Webmasters these days get very touchy about letting new spiders walk all over their sites. There are so many scraper bots, email harvesters, exploit probers, students running Nutch on gigabit university pipes, and other ill-behaved new search bots that some site owners nervously huddle in forum bunkers anxiously scanning their logs for suspect new vistors, so they can quickly issue bot and ip bans.
Cuill, the search startup from ex-googlers anticipated to launch soon seems to have run a rather high rate crawl when they were getting started that generated a large number of robots.txt bans. Here is a list of sites which have banned Cuill's user-agent "Twiceler".
A well-behaved crawler needs to follow a set of loosely-defined behaviors to be 'polite' - don't crawl a site too fast, don't crawl any single IP address too fast, don't pull too much bandwidth from small sites by e.g. downloading tons of full res media that will never be indexed, meticulously obey robots.txt, identify itself with user-agent string that points to a detailed web page explaining the purpose of the bot, etc.

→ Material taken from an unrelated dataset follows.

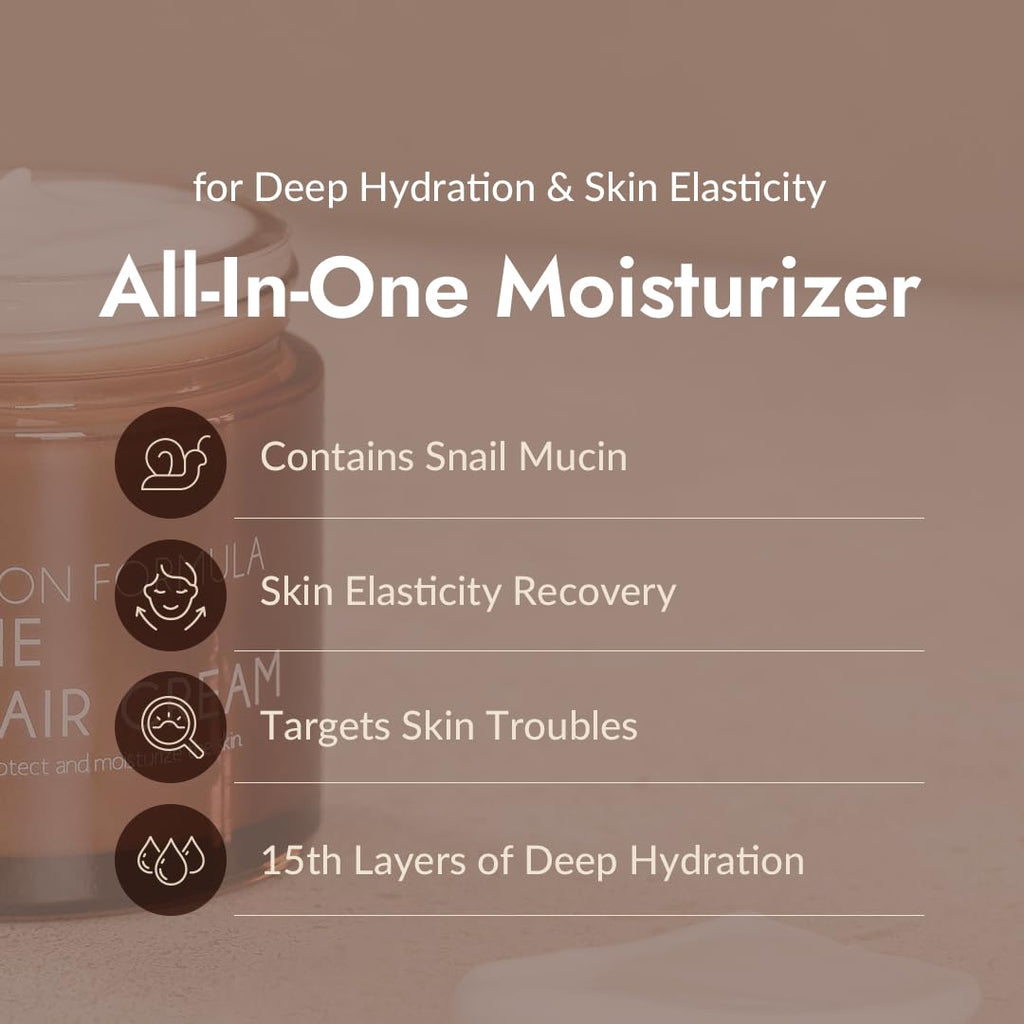 MIZON AllinOne Snail Repair Cream – Hydrating Korean Moisturizer with 40000 ppm Snail Mucin & 12 Natural Extracts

Apart from the widely-recongnized challenges to building a new search engine, sites like del.icio.us and compete.com that ban all new robots aside from the big 4 (Google, Yahoo, MSN and Ask) make it that much harder for a new entrant to gain a footing. However the web is so bloody vast that even tens of thousands of site bans are unlikely to make a significant impact in the aggregate perceived quality of a major new engine.

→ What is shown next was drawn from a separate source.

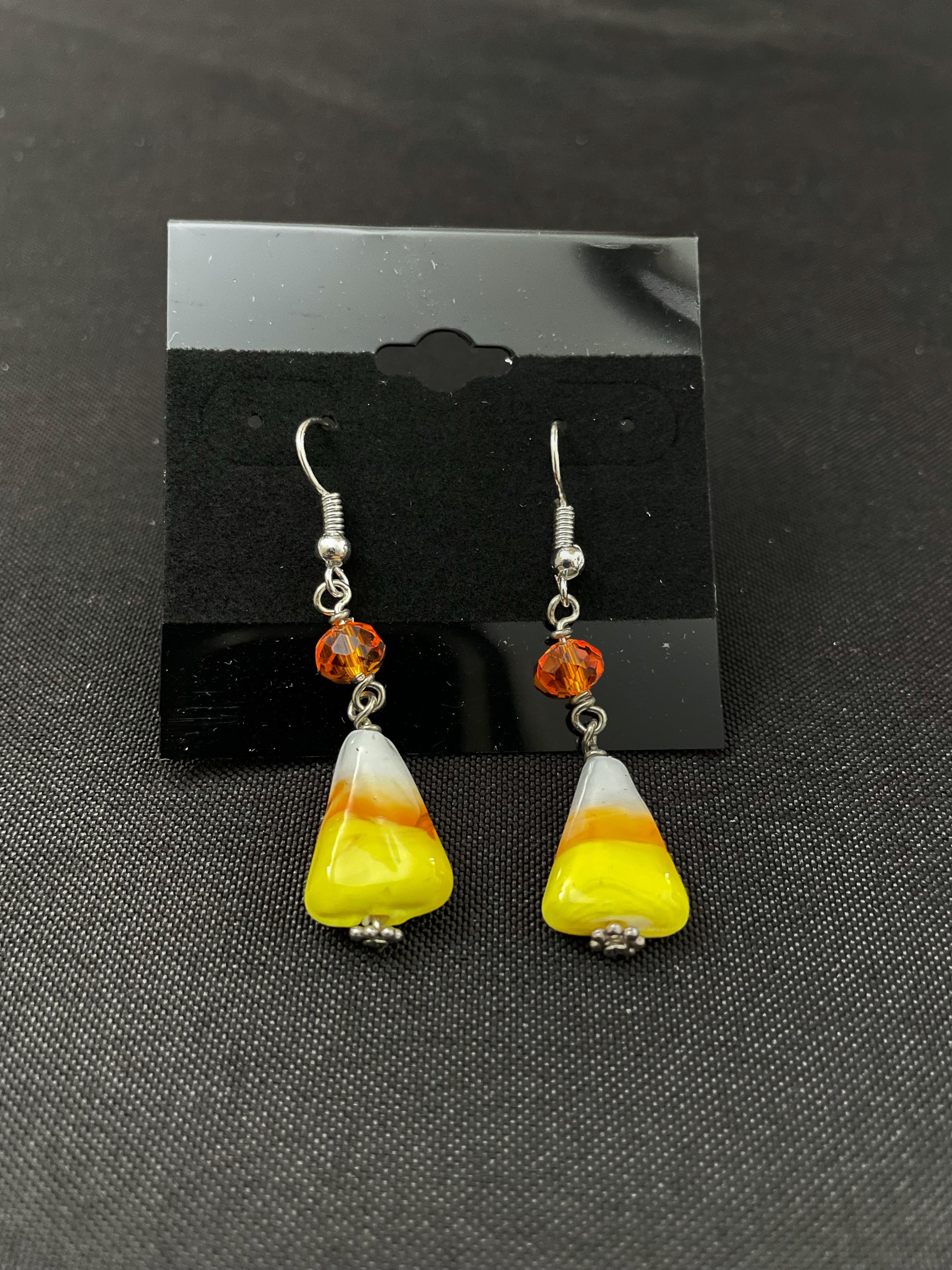 Glass Candy Corn Earrings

My initial take was that this had to be annoying for Cuill. As a crawler author, I can attest that getting each new site rejection personally hurts. :) But now I'm not so sure. Looking over the list, aside from a few major sites like Yelp, you could argue that getting all the forum seo's to robots exclude your new engine might actually help improve your index quality. Perhaps a Cuill robots ban is a quality signal? :)